A visitor to The Dalí Museum in St Petersburg, Florida presses a doorbell beside a dark life-sized screen. A darkened figure wearing a dapper suit and sporting a pencil moustache slowly leaves his easel and comes toward her into the light.
It is, of course, Salvador Dalí, who looks at the visitor and speaks about his art and his museum. When the visitor is about to leave, he appears again. He asks if she would like a picture, then whips out his mobile phone and takes a selfie with her.
The fascinating thing about this encounter is that it’s actually Dalí himself. How is it possible that the great Spanish surrealist can interact with members of the public years after his death, even using a phone that didn’t exist when he was alive? Welcome to the world of deepfakes, an unsettling technology with a high potential to deceive – and also some unexpectedly positive uses.
Deepfakes are a powerful new technique to create realistic yet fake video or audio content.
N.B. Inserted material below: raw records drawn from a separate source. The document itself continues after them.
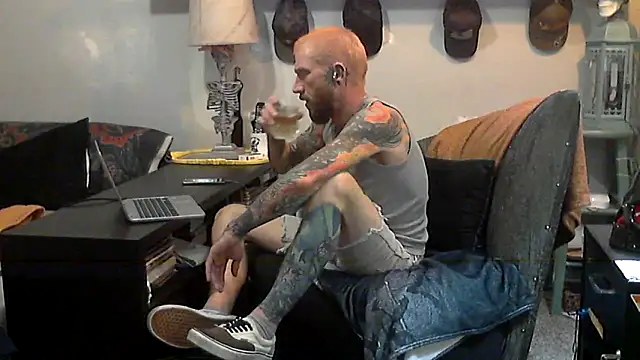 F D R  online show from March 2026 03:33:01 AM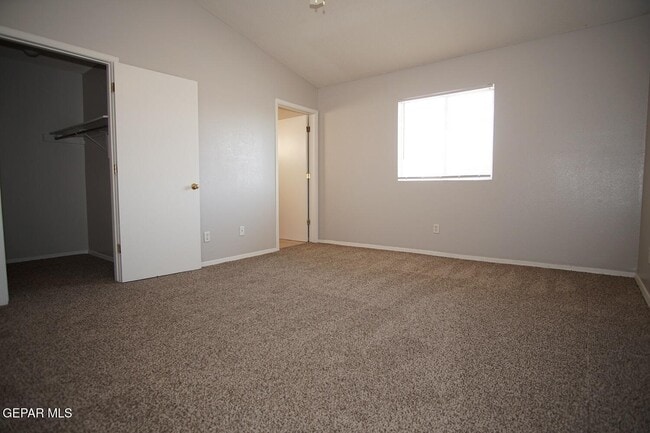 Building Photo - 11021 Sunshine Ct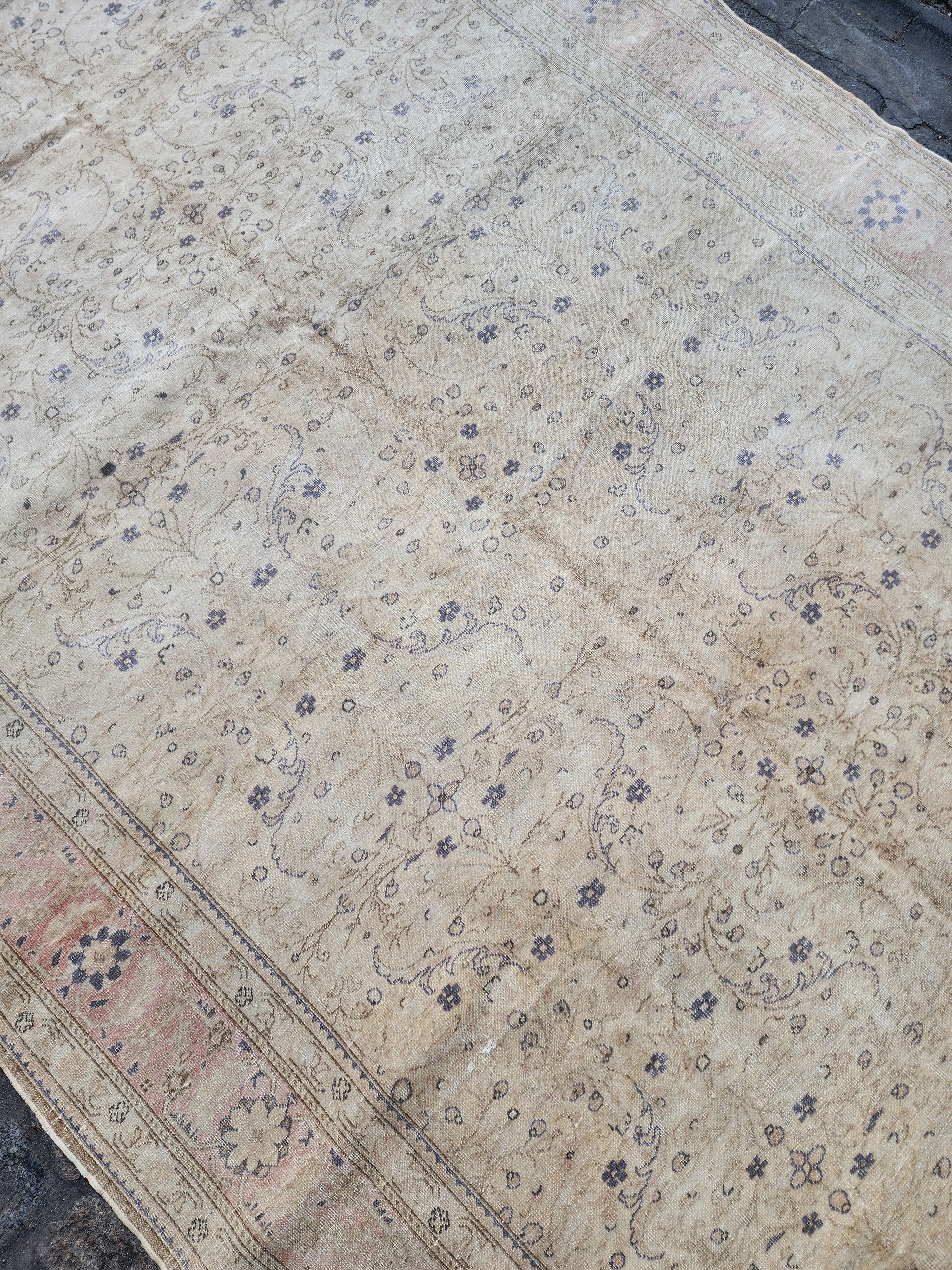 antique Oushak Wool Area Rug — corner detail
To breathe life into Dalí, the museum used deep learning to enable a computer to seamlessly exchange the face of a living actor who was dressing and behaving like Dalí with a digitally generated image of the artist’s face and expressions.
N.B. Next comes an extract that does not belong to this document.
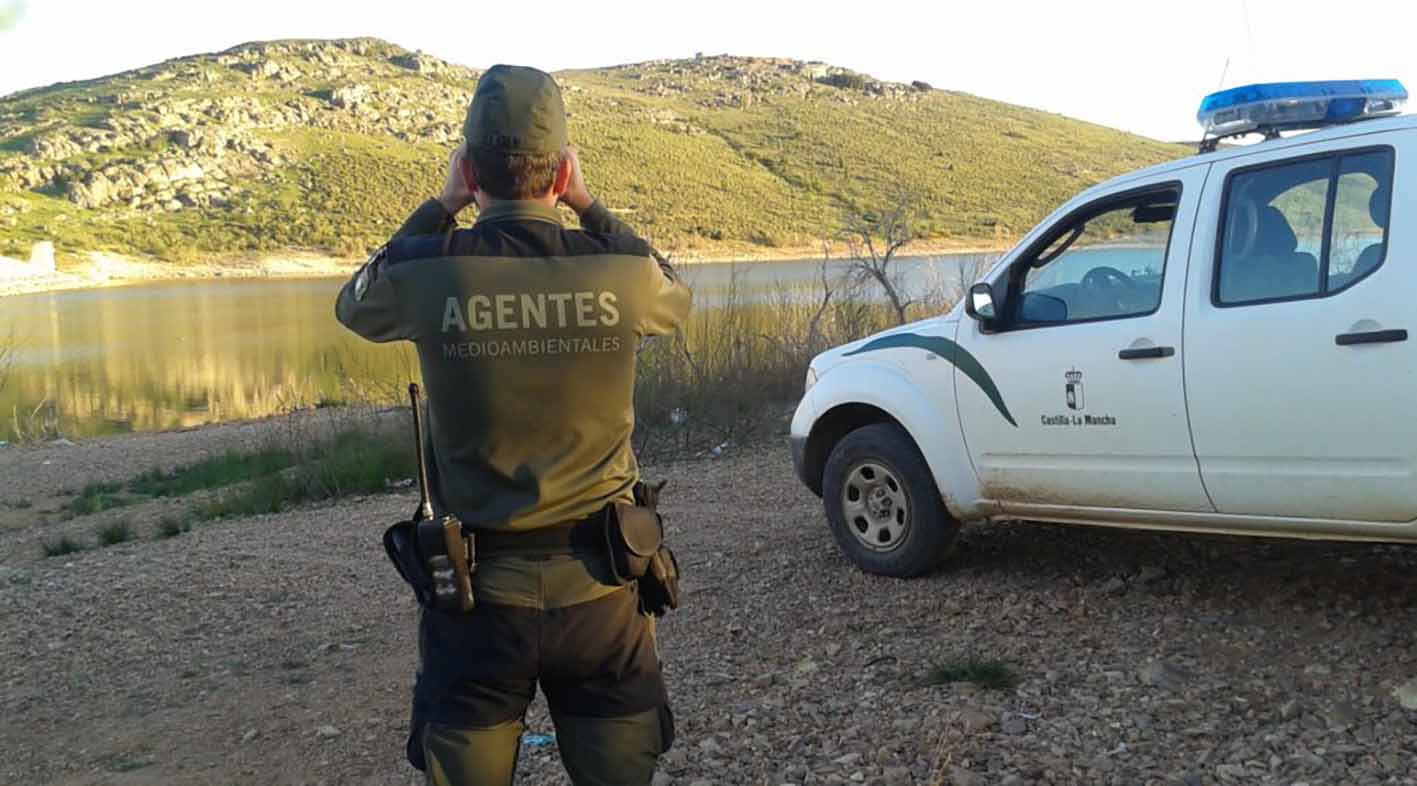 Agentes medioambientes investigan a un hombre tras hallar a un milano real en un cepo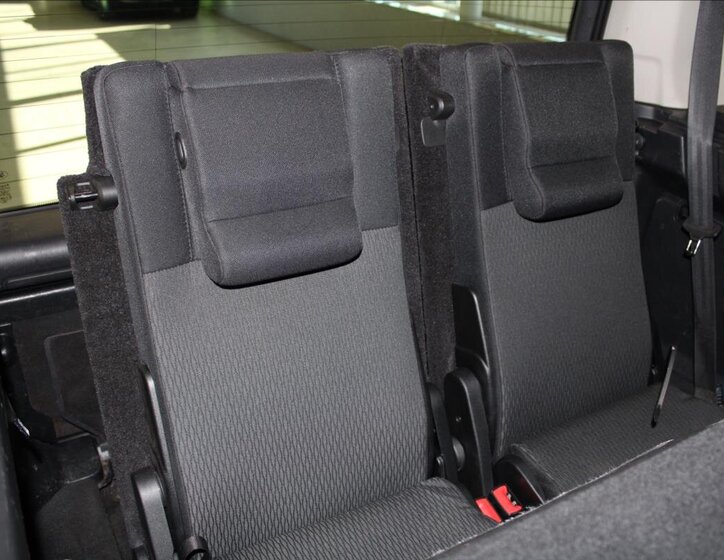 Land Rover Discovery SUV / Terénní 3,0 l 155 kw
This involves a “training process” in which advanced machine-learning algorithms sift through footage of Dalí and the actor to learn to generate new real-looking facial images of both men. It also learns to take an existing image of either man and generate an image of the other that perfectly matches the facial expressions and head posture of the first one.
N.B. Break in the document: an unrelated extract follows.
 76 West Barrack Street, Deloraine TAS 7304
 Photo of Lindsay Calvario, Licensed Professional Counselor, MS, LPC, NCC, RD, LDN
This makes it possible to generate Dalí faces that match the actor’s movements, which are then automatically inserted into the new video – creating an illusion of Dalí himself. There’s more detail here for those who are interested.
To date, most producers of deepfakes have exploited the dark side of the technology. This has ranged from satire, such as this April Fool’s Day clip showing Mark Zuckerberg announcing he is deleting Facebook; to reputation-damaging footage of Hollywood stars supposedly starring in porn films; to fraud, such as mimicking a chief executive’s voice to request the transfer of a large sum of money.
The risks from deepfakes are undeniable. Yet the Dalí example illustrates that it is impossible to be black and white about this technology. In our research, we group deepfakes into five categories: voice swapping, text-to-speech, video face swapping, full-body puppetry and lip-synching. In each category, we see clear business opportunities. Some are still to materialise while others are being realised already.
1. Ventriloquism 2.0
Voice swapping can change a person’s voice or make it imitate someone else’s. It can be manipulated to sound younger or older, male or female, and with different dialects or accents. Possible uses include an audio-book narrator speaking in the voices of different characters, or using a famous person as a narrator without them having to go to the trouble of reading out the entire story.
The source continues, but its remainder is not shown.